Der Giersch im Gedicht

GierschKaum zu glauben: Der Giersch hat dem Lyriker Jan Wagner mit seinem Band “Regentonnenvariationen” in diesem Jahr zum Leipziger Buchpreis in der Kategorie Belletristik verholfen. Giersch as its best!

Jan Wagner: giersch

nicht zu unterschätzen: der giersch
mit dem begehren schon im namen – darum
die blüten, die so schwebend weiß sind, keusch
wie ein tyrannentraum.

kehrt stets zurück wie eine alte schuld,
schickt seine kassiber
durchs dunkel unterm rasen, unterm feld,
bis irgendwo erneut ein weißes wider-

standsnest emporschießt. hinter der garage,
beim knirschenden kies, der kirsche: giersch
als schäumen, als gischt, der ohne ein geräusch

geschieht, bis hoch zum giebel kriecht, bis giersch schier
überall sprießt, im ganzen garten giersch
sich über giersch schiebt,ihn verschlingt mit nichts als giersch.

Jan Wagner: Regentonnenvariationen. Hanser Verlag

 

2 Gedanken zu „Der Giersch im Gedicht“

  1. Hallo Karin,

    Jan Wagners Gedichte sind einfach nur genial!
    Ich habe mir den Gedichtband besorgt und mich in die “Tassen” verliebt.
    Dieses Gedicht verführte mich dazu,
    es zuerst zu lesen, dann nochmal zu lesen,
    dann Vielerlei zu entdecken.
    Zum Schluss analysierte ich es bis auf jeden Zeilenwechsel, jeden Reim,
    jede Brücke zum Metaphysischen.
    Vielleicht entdeckte ich sogar Rhythmisches,
    das der Autor selbst nicht einmal beabsichtigt hatte.
    Ob ich ihm mal schreibe?
    Um ihm seinen tiefen und bleibenden Eindruck in meinem persönlichen Leseerleben mitzuteilen?

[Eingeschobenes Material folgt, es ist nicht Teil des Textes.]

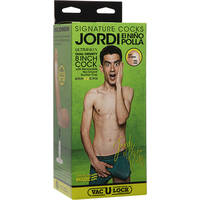 8" Jordi El Nino Porn Star Cock 8" Jordi El Nino Porn Star Cock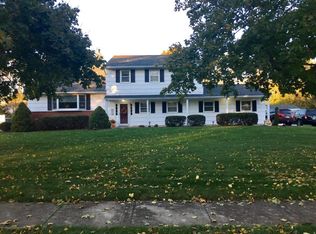 65 Wellington Rd, Freehold, NJ 07728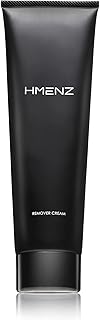 【Made in JAPAN】 HMENZ 脱毛クリーム メンズ vio 医薬部外品 【香;ナチュラル】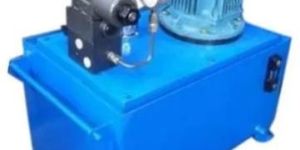 Hydraulic Power Pack Assembly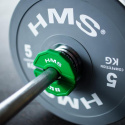 TSN25 PROGRESÍVNE PRÍDAVNÉ KOTÚČE 2 x 0,25 KG HMS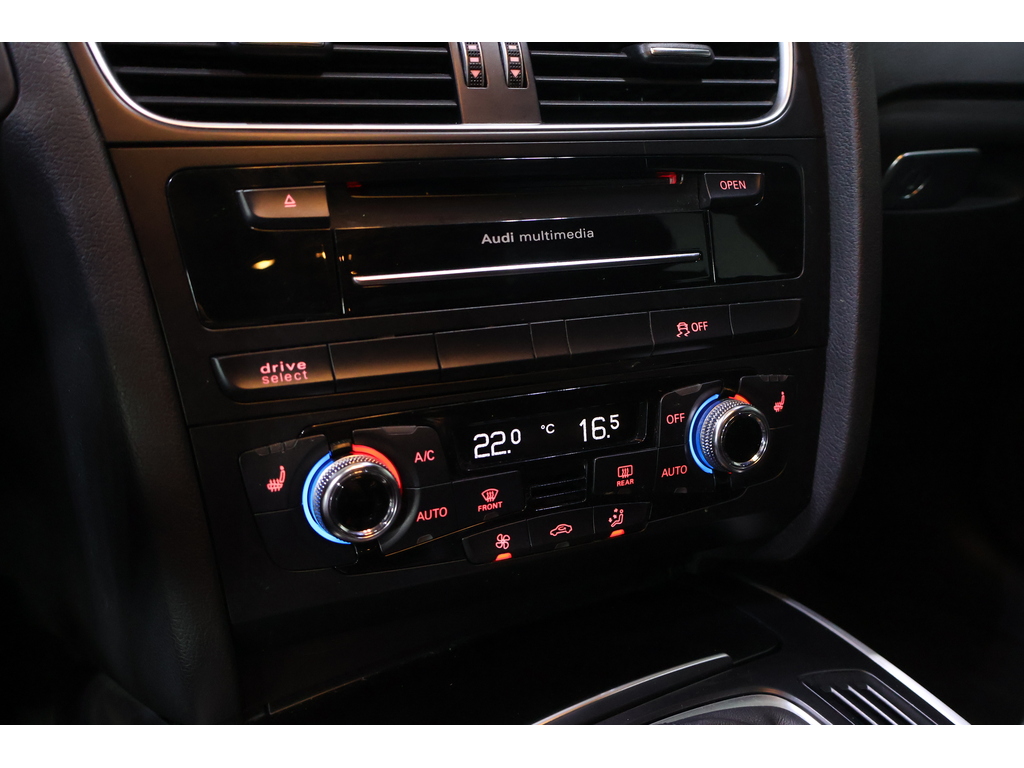 2015 Audi A4 2.0T Technik plus, Toronto, Cash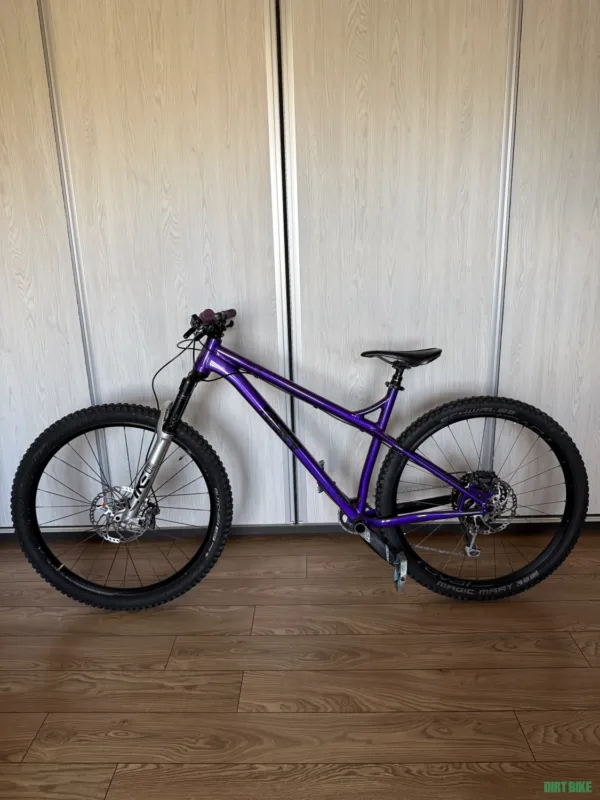 Livrare expres Vand ragley big al custom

    Jan Wagners “Tasse” hier im Pflanzenblog – Thema verfehlt?
    Nö, man kann sie ja zum Gießen verwenden, darin Gierschblätter sammeln,
    warten, bis der Töpfer eine Schale töpfern darf, in die dann viel mehr Giersch hineinpasst.

    Unbedingt lesen!!!

    Die faz schreibt dazu (Zitat):

    “Begeisternd ist das erst, weil Wagner ein Meister der Form ist. Man darf sich aber die Form nicht nach dem Vorbild der Gussform vorstellen, in die man das Material einfüllt. Form ist das Material, mit dem es zu arbeiten gilt, die anregt, herausfordert. Sie ist nicht fertige Vorgabe, sondern sie entfaltet sich in der Fügung des Gedichts.”
    aus: https://www.faz.net/aktuell/feuilleton/buecher/rezensionen/belletristik/jan-wagners-gedichtband-regentonnenvariationen-13182220.html

    So wie aus der Tassenform endlich eine Schalenform werden darf …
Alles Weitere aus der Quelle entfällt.